\解 明/

地域の新ブランド、ええやんさくらポーク!

①若き養豚家たちの挑戦!

自然に抱かれた、食の宝庫「三重」で育つブランド豚肉。

三重県の西側には山脈が連なり、山に降った雨は野に流れ、東側の伊勢湾に流れつく。山の養分が入った水はその過程で、多様な農畜産物などの命を育み、海では食物連鎖を作る。また三重県南部は木の国紀伊半島。森と海が隣接したリアス海岸が続く、太平洋に面した熊野灘。そんな三重県は古より御食つ国として朝廷に食材を納めてきた。伊勢神宮には多くの食材が奉納され、また約1600年間、毎日欠かさずに2度、神様の食事を奉納する日別朝夕大御饌祭が行われている。
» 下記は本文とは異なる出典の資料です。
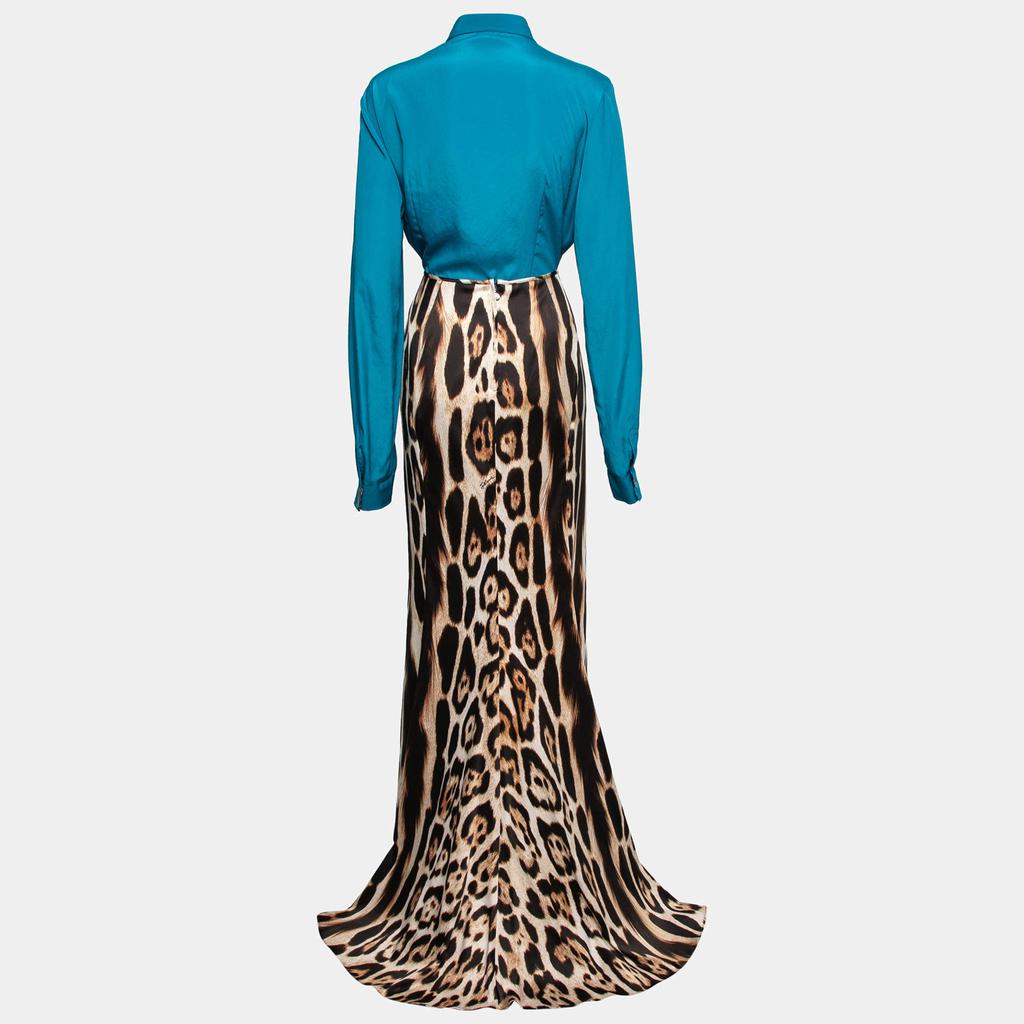 product banner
三重県は自然への畏怖や畏敬の念を抱きながら生きる島国独特の文化を持つ、日本の縮図のような場所。そんな三重県の中部から北部には鈴鹿山脈や養老山麓が連なる。麓では自然豊かな環境でブランド豚「ええやんさくらポーク」を育てる2代目や3代目の養豚家たちがいる。彼らは四P会に属しながら日々研鑽を行い、切磋琢磨しながらブランド豚を育てている。

②子どもたちも食べやすく美味しく!

多くは食卓で消費される豚という肉の役割。

高級なブランド和牛のように、豚肉にも高級品はある。しかし、大部分の豚肉は家庭で食され人々のタンパク源となっている。そのため、豚肉の役割は定時定量の出荷が1番の使命。豚肉は脂身と身を一緒に食べることで、栄養素を効率良く人の身体に摂取できる。脂身を嫌う子どもは多く、いかにクセのない脂身を作るかは養豚家にとって課題であった。ええやんさくらポークの脂身は、サラッとした質感で味にクセがない。またええやんさくらポークには、血液をサラサラにするといわれオリーブオイルなどにも含まれるオレイン酸が一般的な豚肉の約1.5倍含まれている。つまり、ええやんさくらポークはどんな料理にも合い、栄養も摂取しやすく、家庭での調理にも向いている。それは、ええやんさくらポークを育てる四P会の養豚家たちが研究と研鑽の末にたどり着いた、同じ品種、同じ肥育期間、同じエサで豚に極力ストレスを与えずに育てるという肥育方法があるから実現できている。大ヨークシャー種と抜群の相性を持つランドレース種を掛け合わせた母豚に、肉にサシ(霜降り)が入りやすいデュロック種の豚を掛け合わせた、オリジナルの三元豚が、ええやんさくらポークだ。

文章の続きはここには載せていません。